[ Zola / A Love Episode ]
This is a story of a love affair that never quite happens; the young widow Helene falls in love with the married Doctor Deberle, who is caring for Helene's terminally ill daughter. Despite a strong attraction to each other, Helene and the Doctor go their separate ways after Helene's daughter succumbs to tuberculosis.
The novel's only reference to Newfoundlands occurs in Chapter 16 when one of the minor characters, a man who is rumored to have given swimming lessons to the wife of the doctor (a rumor which generates a suggestion of impropriety on the part of the doctor's wife, and a rumor which is quite false) enters a gathering and greets the doctor's wife.
"Oh, it's you!" she exclaimed, in a voice loud enough to be heard by everybody. "It seems you go in for swimming now."
He did not guess her meaning, but nevertheless replied, by way of a joke:
"Certainly; I once saved a Newfoundland dog from drowning."

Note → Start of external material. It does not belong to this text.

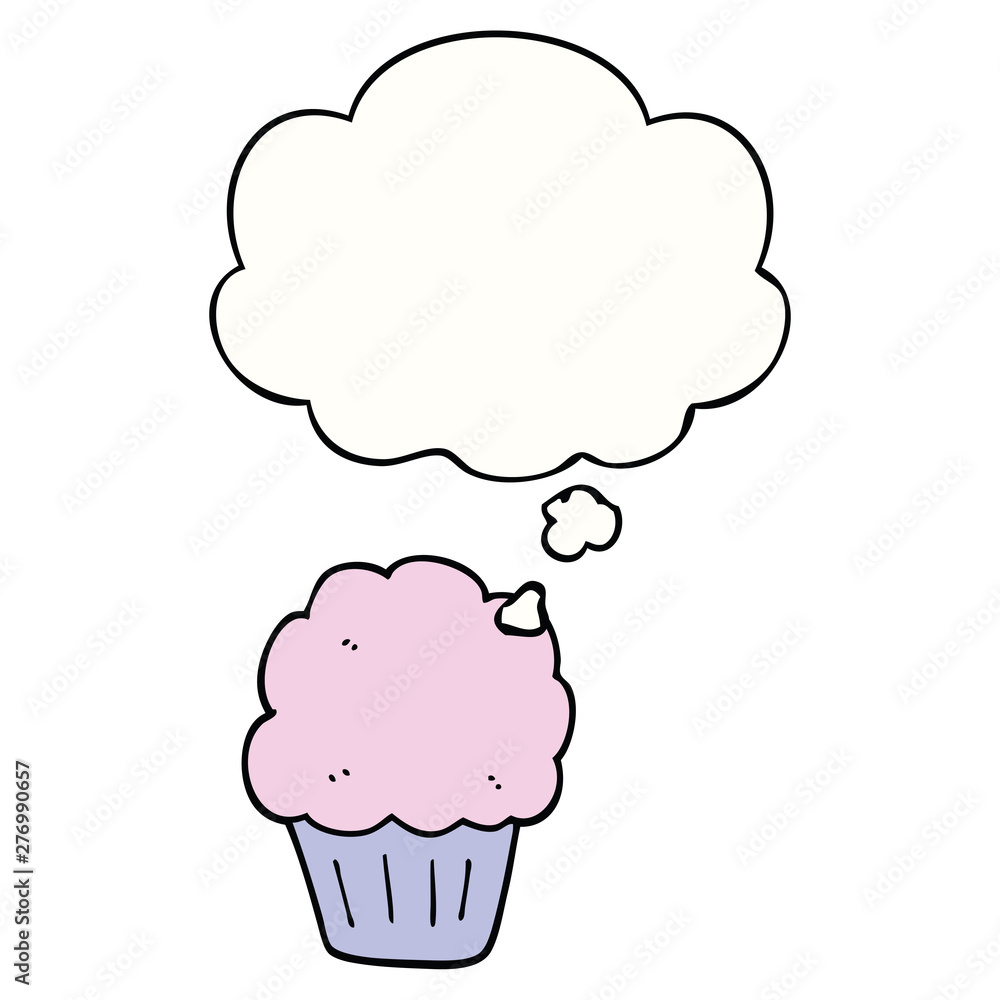 cartoon cupcake and thought bubble cartoon cupcake and thought bubble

The ladies thought this extremely funny, and even Madame Deberle seemed disarmed.
"Well, I'll allow you to save Newfoundlands," she answered, "but you know very well I did not bathe once at Trouville."
"Oh! you're speaking of the lesson I gave you!" he exclaimed. "Didn't I tell you one night in your dining-room how to move your feet and hands about?"

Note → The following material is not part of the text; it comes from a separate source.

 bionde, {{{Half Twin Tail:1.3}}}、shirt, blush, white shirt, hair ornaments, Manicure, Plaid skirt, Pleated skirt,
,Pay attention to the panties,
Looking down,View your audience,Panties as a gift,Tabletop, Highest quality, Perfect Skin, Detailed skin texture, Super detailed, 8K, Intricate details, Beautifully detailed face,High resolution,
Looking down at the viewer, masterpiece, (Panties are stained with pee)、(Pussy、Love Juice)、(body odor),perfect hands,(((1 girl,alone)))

All the ladies were convulsed with mirth — he was delightful!
A few lines further on, the same character, in order to mask a private conversation by pretending the conversation is innocuous, loudly declares to the young woman he is whispering with "Oh! you don't believe the story about my Newfoundland! Yet I received a medal for it, and I'll show it to you."
There are no other references to Newfoundlands in this novel.